-------- Records provided --------

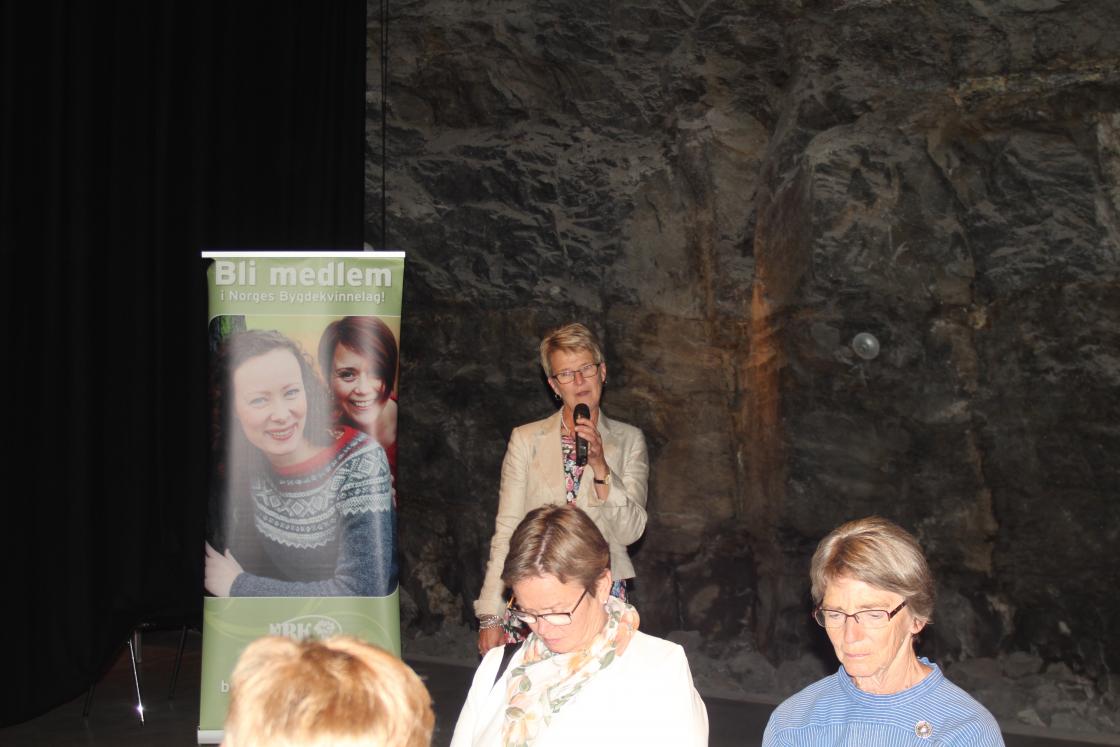 Tonje fra Østre Toten  sa noen fine ord til styret og OBK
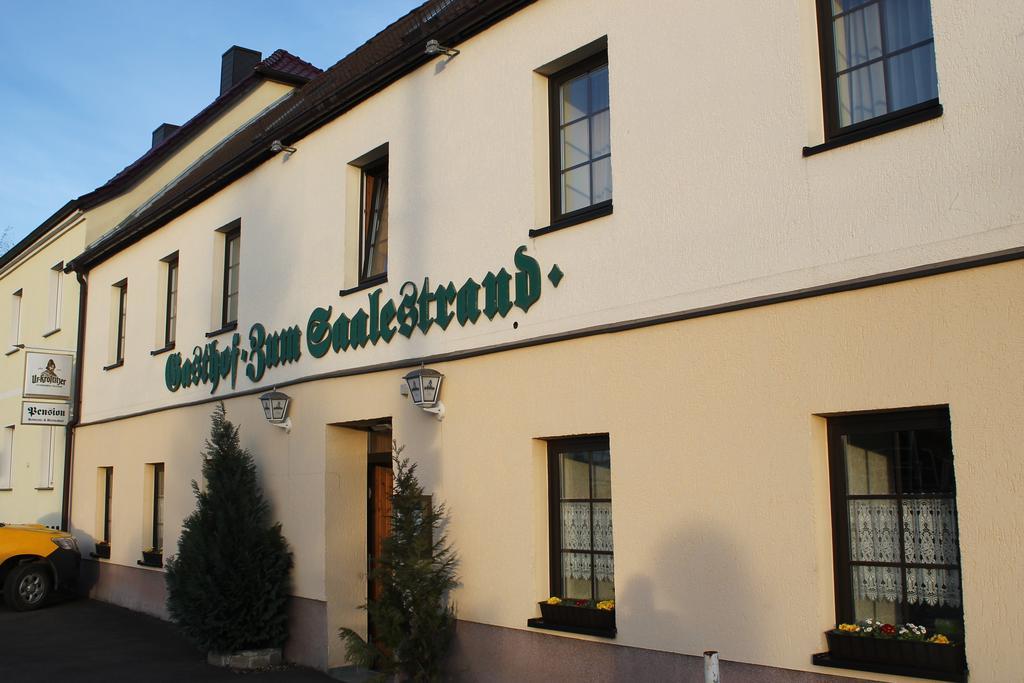 Gasthof & Pension Zum Saalestrand Bad Dürrenberg المظهر الخارجي الصورة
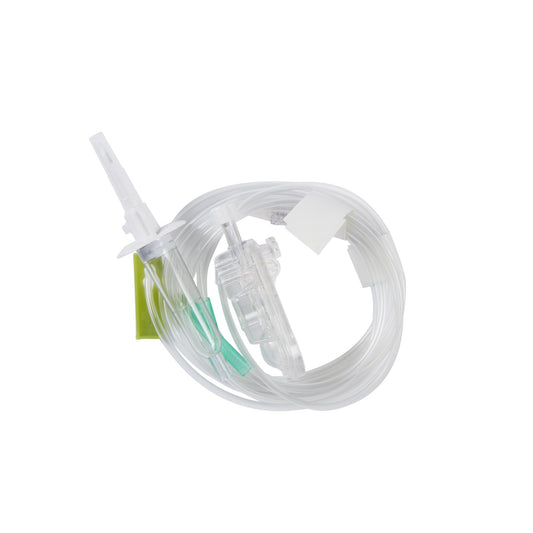 Primary IV Administration Set PlumSet™ Gravity 2 Ports 15 Drops / mL Drip Rate Without Filter 104 Inch Tubing Solution Without Flow Regulator - 146792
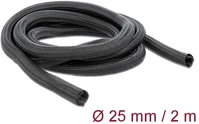 Delock 18856 Fonott kábelharisnya önzáródó 2 m x 25 mm fekete kép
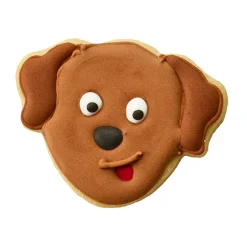 RBV Birkmann Backzubehör|Kochwelt Entdecken|Ausstecher Hundekopf mit Innenprägung Edelstahl 7 cm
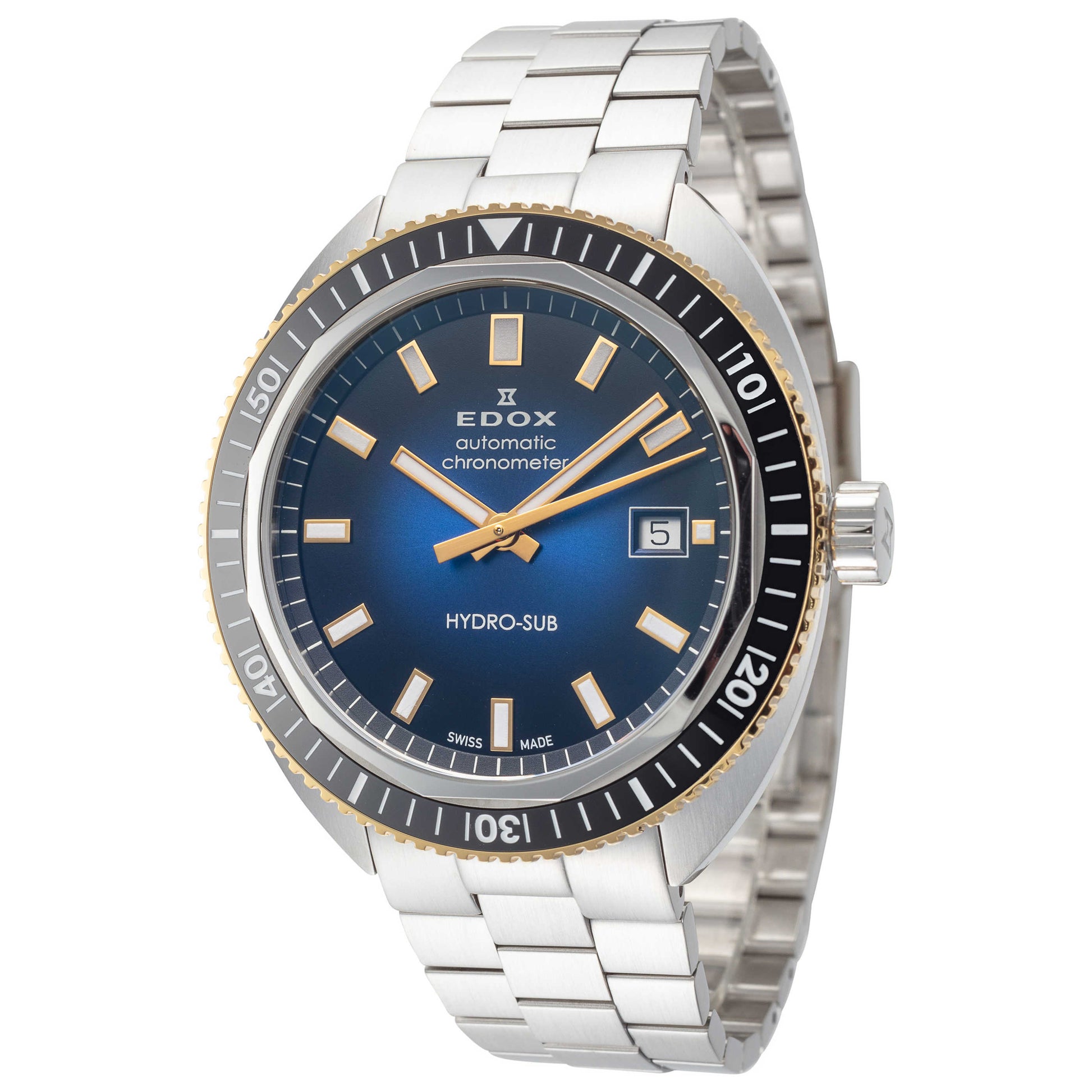 Front view of Edox Hydro-sub Men's Automatic Watch 80128-357JNM-BUDD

--------

Write the data above out again exactly, minus its pictures.

■ Exercise response:
 Tonje fra Østre Toten  sa noen fine ord til styret og OBK
 Gasthof & Pension Zum Saalestrand Bad Dürrenberg المظهر الخارجي الصورة
 Primary IV Administration Set PlumSet™ Gravity 2 Ports 15 Drops / mL Drip Rate Without Filter 104 Inch Tubing Solution Without Flow Regulator - 146792
 Delock 18856 Fonott kábelharisnya önzáródó 2 m x 25 mm fekete kép
 RBV Birkmann Backzubehör|Kochwelt Entdecken|Ausstecher Hundekopf mit Innenprägung Edelstahl 7 cm
 Front view of Edox Hydro-sub Men's Automatic Watch 80128-357JNM-BUDD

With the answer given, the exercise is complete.